The study by Germany's Kiel Institute for the World Economy analyzed shipment data worth approximately $4 trillion from January 2024 through November 2025, providing the most rigorous quantification yet of tariffs' real-world impact.
"The claim that foreign countries pay these tariffs is a myth," said Julian Hinz, research director at the Kiel Institute. "The data show the opposite: Americans are footing the bill."
The numbers don't lie, but executives sometimes do. And in this case, the numbers are damning.

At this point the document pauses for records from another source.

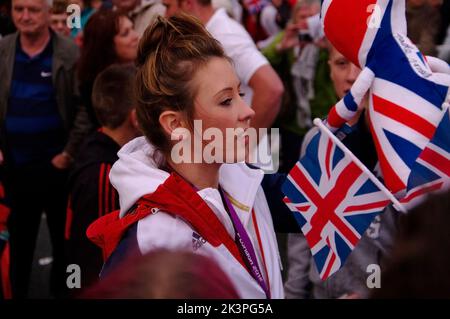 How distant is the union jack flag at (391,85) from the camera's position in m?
1.81

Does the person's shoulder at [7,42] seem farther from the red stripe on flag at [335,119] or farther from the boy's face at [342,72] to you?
the red stripe on flag at [335,119]

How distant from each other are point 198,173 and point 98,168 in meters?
0.95

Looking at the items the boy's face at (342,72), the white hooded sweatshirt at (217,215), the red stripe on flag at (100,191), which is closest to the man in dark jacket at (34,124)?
the red stripe on flag at (100,191)

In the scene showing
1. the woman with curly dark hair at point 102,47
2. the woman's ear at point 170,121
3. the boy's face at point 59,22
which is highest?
the boy's face at point 59,22

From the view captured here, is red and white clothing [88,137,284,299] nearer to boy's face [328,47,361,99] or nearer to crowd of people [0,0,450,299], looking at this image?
crowd of people [0,0,450,299]

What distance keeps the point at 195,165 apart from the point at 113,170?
8.3 inches

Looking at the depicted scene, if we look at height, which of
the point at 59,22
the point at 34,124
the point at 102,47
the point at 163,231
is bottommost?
the point at 163,231

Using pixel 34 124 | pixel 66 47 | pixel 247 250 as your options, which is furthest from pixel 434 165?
pixel 66 47

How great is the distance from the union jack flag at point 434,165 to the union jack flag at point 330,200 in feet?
0.36

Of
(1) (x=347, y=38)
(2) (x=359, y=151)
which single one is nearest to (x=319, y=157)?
(1) (x=347, y=38)

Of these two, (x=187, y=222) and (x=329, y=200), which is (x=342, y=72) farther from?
(x=187, y=222)

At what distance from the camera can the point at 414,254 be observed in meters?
0.86

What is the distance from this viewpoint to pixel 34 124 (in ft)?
13.1

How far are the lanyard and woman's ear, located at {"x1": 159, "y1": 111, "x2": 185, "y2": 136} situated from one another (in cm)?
26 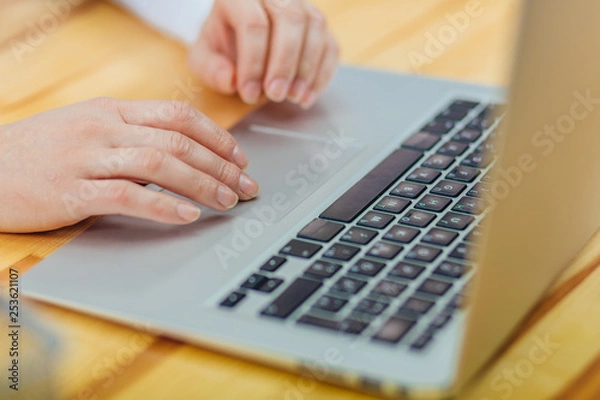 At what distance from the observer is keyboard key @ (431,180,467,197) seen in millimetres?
682

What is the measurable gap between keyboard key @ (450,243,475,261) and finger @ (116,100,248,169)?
235 mm

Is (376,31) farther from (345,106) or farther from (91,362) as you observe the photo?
(91,362)

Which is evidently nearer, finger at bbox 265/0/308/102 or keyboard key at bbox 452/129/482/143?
keyboard key at bbox 452/129/482/143

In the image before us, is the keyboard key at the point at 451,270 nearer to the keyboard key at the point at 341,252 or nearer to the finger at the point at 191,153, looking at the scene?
the keyboard key at the point at 341,252

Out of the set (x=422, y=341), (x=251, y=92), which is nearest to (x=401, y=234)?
(x=422, y=341)

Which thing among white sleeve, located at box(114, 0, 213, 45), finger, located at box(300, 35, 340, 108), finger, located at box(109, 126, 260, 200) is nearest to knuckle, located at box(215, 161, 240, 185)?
finger, located at box(109, 126, 260, 200)

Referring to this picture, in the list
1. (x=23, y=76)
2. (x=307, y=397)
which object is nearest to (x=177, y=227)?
(x=307, y=397)

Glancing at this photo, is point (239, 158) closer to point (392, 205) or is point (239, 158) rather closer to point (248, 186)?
point (248, 186)

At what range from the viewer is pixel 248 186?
706mm

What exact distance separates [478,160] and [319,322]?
0.29m

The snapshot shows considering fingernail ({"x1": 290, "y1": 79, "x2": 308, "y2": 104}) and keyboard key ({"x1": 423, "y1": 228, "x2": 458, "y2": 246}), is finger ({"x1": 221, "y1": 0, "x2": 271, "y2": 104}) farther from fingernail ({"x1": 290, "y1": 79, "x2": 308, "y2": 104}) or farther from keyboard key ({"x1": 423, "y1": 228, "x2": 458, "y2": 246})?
keyboard key ({"x1": 423, "y1": 228, "x2": 458, "y2": 246})

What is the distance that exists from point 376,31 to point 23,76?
465mm

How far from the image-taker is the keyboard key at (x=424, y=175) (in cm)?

Foreign exporters absorbed just 4% of tariff costs by cutting prices. Instead of lowering prices to maintain U.S. market share, they simply redirected shipments to other markets. After the Trump administration imposed a 50% tariff on Indian goods in August, exports to the United States collapsed by 18-24%. Export prices barely budged.
This matters because tariffs generated $200 billion in customs revenue over the study period. That's $200 billion extracted from American wallets, not foreign treasuries. It shows up as higher prices at checkout and squeezed corporate margins.
The real economy is feeling it. U.S. manufacturing jobs have declined every single month since April 2025. Between the so-called "Liberation Day" tariff announcements and November, the sector shed 60,000 jobs.
Cui bono? Not American workers. Not American consumers. The tariffs were marketed as economic nationalism but delivered as a regressive tax that hits lower-income households hardest.
The political calculus was simple: tariffs sound tough on foreign competitors. The economic reality is simpler still: they're a self-inflicted wound. When you tax imports, you tax your own citizens. The Kiel Institute's data confirms what trade economists have been saying all along—tariffs are a domestic tax dressed up in nationalist rhetoric.
For corporate America, the implications are clear. If you're passing tariff costs to consumers, your pricing power just became a political liability. If you're absorbing them to maintain market share, your margins are getting crushed. Either way, this isn't the pro-business policy it was sold as.